**Recorded data:**
*** Begin section ***

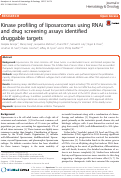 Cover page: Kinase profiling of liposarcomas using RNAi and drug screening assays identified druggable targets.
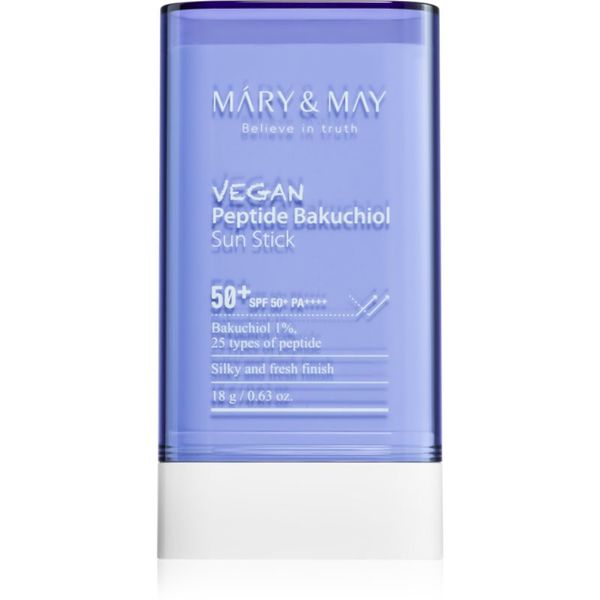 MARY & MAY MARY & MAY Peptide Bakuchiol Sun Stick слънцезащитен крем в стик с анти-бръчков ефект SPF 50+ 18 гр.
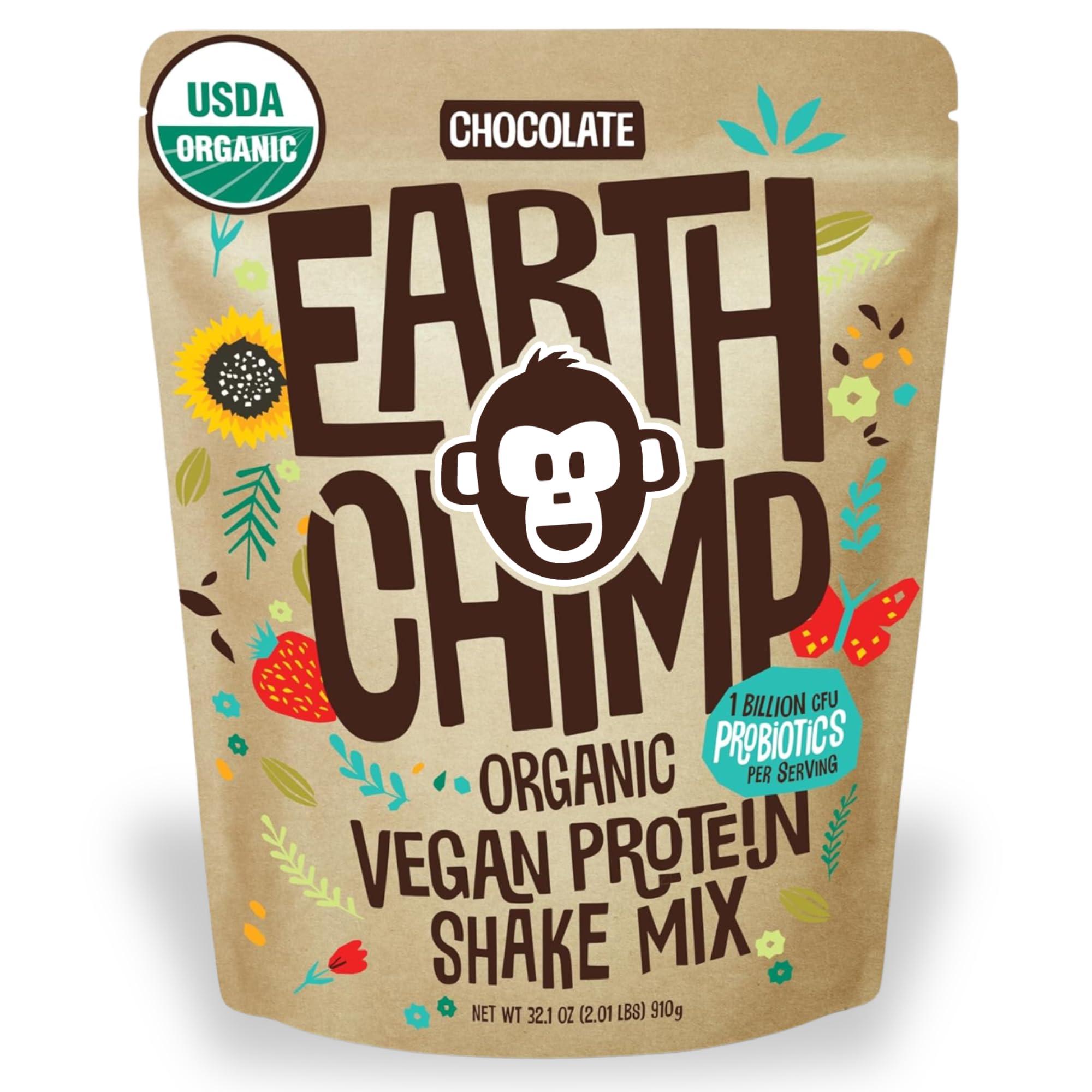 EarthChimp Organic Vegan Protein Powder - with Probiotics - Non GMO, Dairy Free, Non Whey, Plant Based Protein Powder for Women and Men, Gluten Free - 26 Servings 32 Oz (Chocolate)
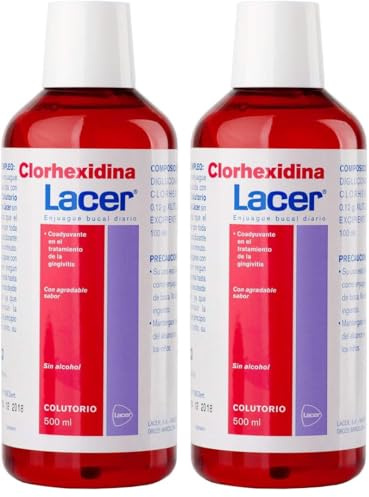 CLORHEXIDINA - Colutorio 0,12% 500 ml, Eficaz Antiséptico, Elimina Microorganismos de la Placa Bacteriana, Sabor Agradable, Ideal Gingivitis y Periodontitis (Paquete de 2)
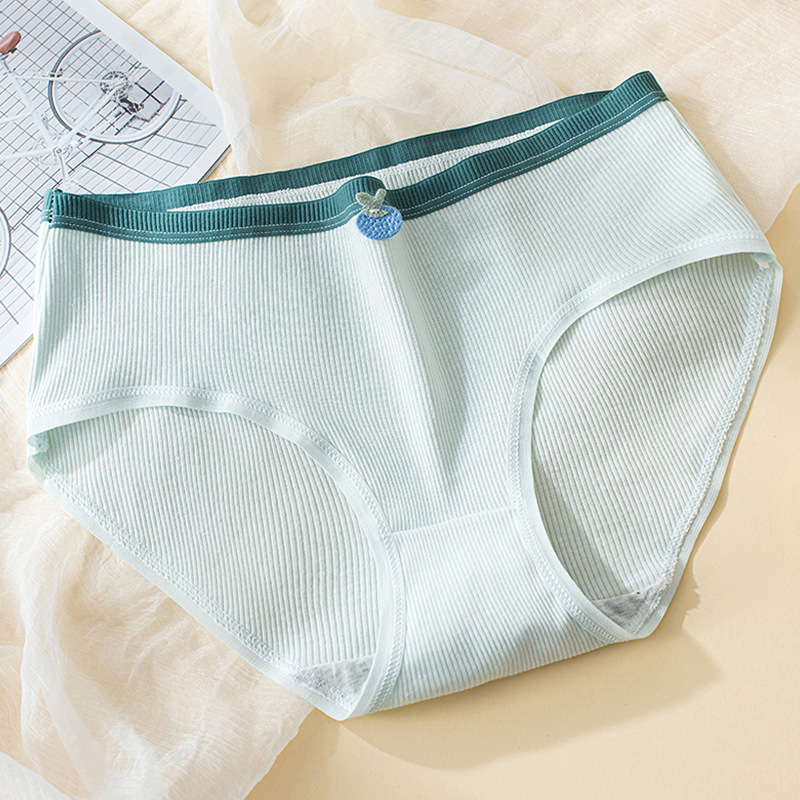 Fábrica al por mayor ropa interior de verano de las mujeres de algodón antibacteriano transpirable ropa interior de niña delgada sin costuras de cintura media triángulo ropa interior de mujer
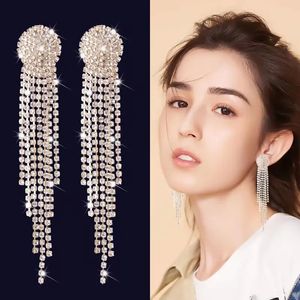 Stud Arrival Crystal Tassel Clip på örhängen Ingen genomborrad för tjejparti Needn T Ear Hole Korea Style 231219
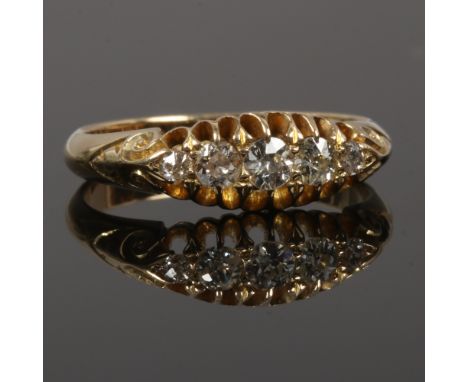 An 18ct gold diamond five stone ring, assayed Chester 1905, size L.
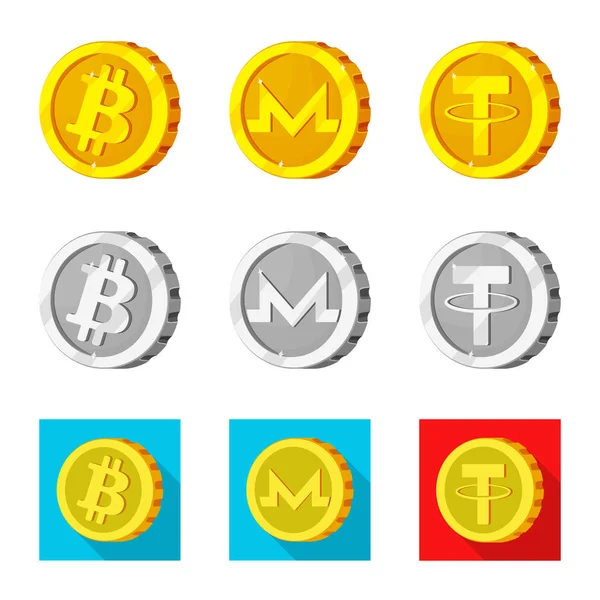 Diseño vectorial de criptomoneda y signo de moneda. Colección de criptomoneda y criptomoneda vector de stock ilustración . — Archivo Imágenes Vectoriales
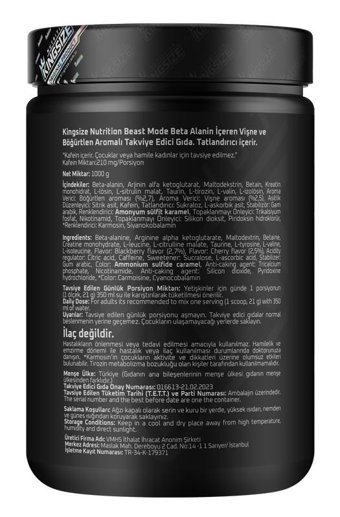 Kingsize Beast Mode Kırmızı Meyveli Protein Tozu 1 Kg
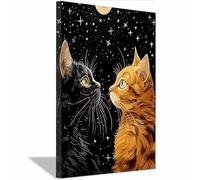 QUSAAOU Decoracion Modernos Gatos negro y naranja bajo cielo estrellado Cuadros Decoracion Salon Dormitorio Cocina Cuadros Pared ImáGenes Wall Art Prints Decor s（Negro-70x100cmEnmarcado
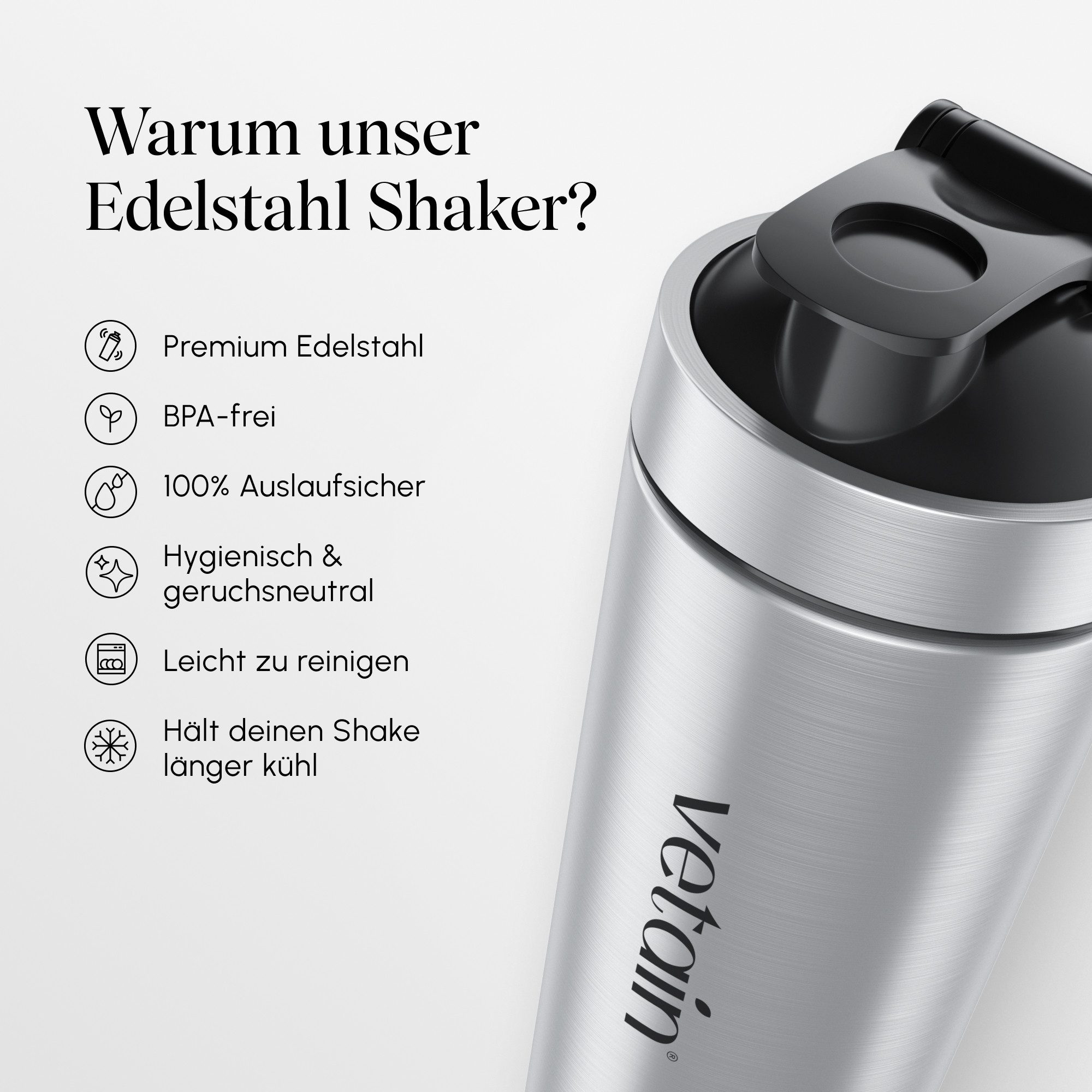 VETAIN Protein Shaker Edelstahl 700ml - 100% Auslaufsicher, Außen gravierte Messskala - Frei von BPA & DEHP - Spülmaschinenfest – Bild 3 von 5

*** End section ***

**EXERCISE DIRECTIONS:** Skipping any images, write out all the data exactly.

**OUTPUT OF THE TASK:**
 Cover page: Kinase profiling of liposarcomas using RNAi and drug screening assays identified druggable targets.
 MARY & MAY MARY & MAY Peptide Bakuchiol Sun Stick слънцезащитен крем в стик с анти-бръчков ефект SPF 50+ 18 гр.
 EarthChimp Organic Vegan Protein Powder - with Probiotics - Non GMO, Dairy Free, Non Whey, Plant Based Protein Powder for Women and Men, Gluten Free - 26 Servings 32 Oz (Chocolate)
 CLORHEXIDINA - Colutorio 0,12% 500 ml, Eficaz Antiséptico, Elimina Microorganismos de la Placa Bacteriana, Sabor Agradable, Ideal Gingivitis y Periodontitis (Paquete de 2)
 Fábrica al por mayor ropa interior de verano de las mujeres de algodón antibacteriano transpirable ropa interior de niña delgada sin costuras de cintura media triángulo ropa interior de mujer
 Stud Arrival Crystal Tassel Clip på örhängen Ingen genomborrad för tjejparti Needn T Ear Hole Korea Style 231219
 An 18ct gold diamond five stone ring, assayed Chester 1905, size L.
 Diseño vectorial de criptomoneda y signo de moneda. Colección de criptomoneda y criptomoneda vector de stock ilustración . — Archivo Imágenes Vectoriales
 Kingsize Beast Mode Kırmızı Meyveli Protein Tozu 1 Kg
 QUSAAOU Decoracion Modernos Gatos negro y naranja bajo cielo estrellado Cuadros Decoracion Salon Dormitorio Cocina Cuadros Pared ImáGenes Wall Art Prints Decor s（Negro-70x100cmEnmarcado
 VETAIN Protein Shaker Edelstahl 700ml - 100% Auslaufsicher, Außen gravierte Messskala - Frei von BPA & DEHP - Spülmaschinenfest – Bild 3 von 5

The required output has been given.